Raghu On Tech
Pro tips on managing data at scaleHow To Perform DB2 Loads in HADR Environment ?

Problem Statement:
You need to run DB2 LOAD utility in a HADR environment, however DB2 LOAD utility only logs certain kinds of transaction log records and its not enough to replicate the loaded data via transaction logs to the HADR Standby(s). If you would like to learn more about what kind of log records that LOAD utility marks in transaction logs, take a look at the following link from IBM Knowledge Center.
Since LOAD operation is not completely logged, one need to understand its implications when running the utility in HADR environments. So how do you handle LOAD’s in a HADR environment ?
I can think of a few solutions to get past this situation. Lets discuss them in detail in the following sections.
Solution 1:
I will start with the easy one first. You simply reinitialize the HADR standby(s) with the backup image of the primary database post completion of LOAD. I am not going to show exact commands for this operation since this is a straight forward solution. Following are the sequence of steps one might perform to reinitialize HADR
- STOP HADR on primary and standby(s).
- Perform LOAD operation on HADR primary database table(s).
- Take an online backup of primary database.
- Restore the backup image on Standby database server(s).
- Start HADR on standby database(s) and primary database in that sequence.
Solution 2:
Here assuming you have the IBM recommended identical primary and standby servers with respect to hardware and software, we will work towards a solution with out making use of a shared or Network File System. In my case, I created a filesystem dedicated to database backups on my primary and standby virtual machines.
df -H | grep -i db2backup
/dev/mapper/db2vg-db2backup 74G 23G 48G 32% /db2backup
Following are the sequence of steps that one might perform to successfully replicate a LOAD operation on primary to Standby servers without the use of shared file system. All the IP addresses and hostnames you see below are fictional or modified.
Primary:
- Created a test table for this exercise, this table structure is identical to an existing table.

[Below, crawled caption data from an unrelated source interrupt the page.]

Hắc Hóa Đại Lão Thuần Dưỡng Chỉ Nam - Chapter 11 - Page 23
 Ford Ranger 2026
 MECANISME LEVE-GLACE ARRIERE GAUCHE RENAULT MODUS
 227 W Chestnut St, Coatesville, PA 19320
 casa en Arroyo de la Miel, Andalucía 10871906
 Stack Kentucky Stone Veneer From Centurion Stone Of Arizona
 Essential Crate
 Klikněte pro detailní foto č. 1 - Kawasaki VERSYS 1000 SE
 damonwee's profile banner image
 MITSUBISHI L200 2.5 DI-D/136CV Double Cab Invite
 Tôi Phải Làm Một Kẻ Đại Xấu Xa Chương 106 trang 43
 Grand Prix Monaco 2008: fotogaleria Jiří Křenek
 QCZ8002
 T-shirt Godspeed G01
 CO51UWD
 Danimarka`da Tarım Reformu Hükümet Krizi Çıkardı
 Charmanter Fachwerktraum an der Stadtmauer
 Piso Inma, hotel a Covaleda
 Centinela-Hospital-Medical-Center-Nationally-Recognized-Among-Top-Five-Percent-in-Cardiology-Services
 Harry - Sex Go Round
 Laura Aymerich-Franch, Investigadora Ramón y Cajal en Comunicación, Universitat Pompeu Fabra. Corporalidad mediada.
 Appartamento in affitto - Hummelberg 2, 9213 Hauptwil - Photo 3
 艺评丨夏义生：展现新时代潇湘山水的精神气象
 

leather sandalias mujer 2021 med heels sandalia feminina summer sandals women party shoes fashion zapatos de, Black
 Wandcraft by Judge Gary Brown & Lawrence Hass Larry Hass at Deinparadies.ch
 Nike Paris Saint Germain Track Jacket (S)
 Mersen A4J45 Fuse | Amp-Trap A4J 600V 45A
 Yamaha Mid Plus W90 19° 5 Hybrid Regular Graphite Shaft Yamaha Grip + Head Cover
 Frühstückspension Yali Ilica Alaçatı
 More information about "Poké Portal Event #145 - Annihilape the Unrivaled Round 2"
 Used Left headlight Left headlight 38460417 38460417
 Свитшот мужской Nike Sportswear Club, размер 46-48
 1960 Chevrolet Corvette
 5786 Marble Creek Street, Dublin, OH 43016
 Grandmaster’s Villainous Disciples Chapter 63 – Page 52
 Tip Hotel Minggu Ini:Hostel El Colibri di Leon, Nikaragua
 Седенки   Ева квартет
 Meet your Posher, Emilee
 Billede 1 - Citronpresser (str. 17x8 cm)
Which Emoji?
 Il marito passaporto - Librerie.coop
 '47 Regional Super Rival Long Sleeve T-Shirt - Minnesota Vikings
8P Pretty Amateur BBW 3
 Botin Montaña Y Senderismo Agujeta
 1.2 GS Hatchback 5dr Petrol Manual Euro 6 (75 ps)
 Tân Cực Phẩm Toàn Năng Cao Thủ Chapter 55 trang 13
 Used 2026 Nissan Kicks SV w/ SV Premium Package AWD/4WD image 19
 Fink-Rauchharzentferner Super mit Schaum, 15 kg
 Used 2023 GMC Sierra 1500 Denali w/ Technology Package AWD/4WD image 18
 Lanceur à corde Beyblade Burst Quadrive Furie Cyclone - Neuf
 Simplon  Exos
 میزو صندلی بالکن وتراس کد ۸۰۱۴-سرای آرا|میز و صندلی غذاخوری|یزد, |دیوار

- Stop HADR on primary database server. so that you can perform the LOAD on primary. This is needed to ensure that standby won’t keep looking for the LOAD copy file.
$ db2 -tvf guidmap_test_new.ddl CREATE TABLE "TEST"."TEST_NEW" ( "CAF_GUID" BIGINT NOT NULL , "BACKEND_GUID" VARCHAR(200 OCTETS) , "TS_ACCOUNT_ID" BIGINT NOT NULL , "TYPE" INTEGER NOT NULL WITH DEFAULT 0 , "FOLDER" VARCHAR(150 OCTETS) , "PCOUNT" INTEGER WITH DEFAULT 0 , "FCOUNT" INTEGER WITH DEFAULT 0 ) IN "TESTTS" ORGANIZE BY ROW DB20000I The SQL command completed successfully. ALTER TABLE "TEST"."TEST_NEW" VOLATILE CARDINALITY DB20000I The SQL command completed successfully. SET NLS_STRING_UNITS = 'SYSTEM' DB20000I The SQL command completed successfully. CREATE INDEX "TEST"."IDX_TEST_1" ON "TEST"."TEST_NEW" ("TS_ACCOUNT_ID" ASC, "BACKEND_GUID" ASC, "CAF_GUID" ASC) COMPRESS NO INCLUDE NULL KEYS ALLOW REVERSE SCANS DB20000I The SQL command completed successfully. SET NLS_STRING_UNITS = 'SYSTEM' DB20000I The SQL command completed successfully. CREATE INDEX "TEST"."IDX_TEST_3" ON "TEST"."TEST_NEW" ("CAF_GUID" DESC) COMPRESS NO INCLUDE NULL KEYS ALLOW REVERSE SCANS DB20000I The SQL command completed successfully. $ db2 "stop hadr on database test" DB20000I The STOP HADR ON DATABASE command completed successfully.
Standby:
- Deactivate the Standby database.
- Stop HADR on standby database, so that you can perform the LOAD on primary. This is needed to ensure that standby won’t keep looking for the LOAD copy file.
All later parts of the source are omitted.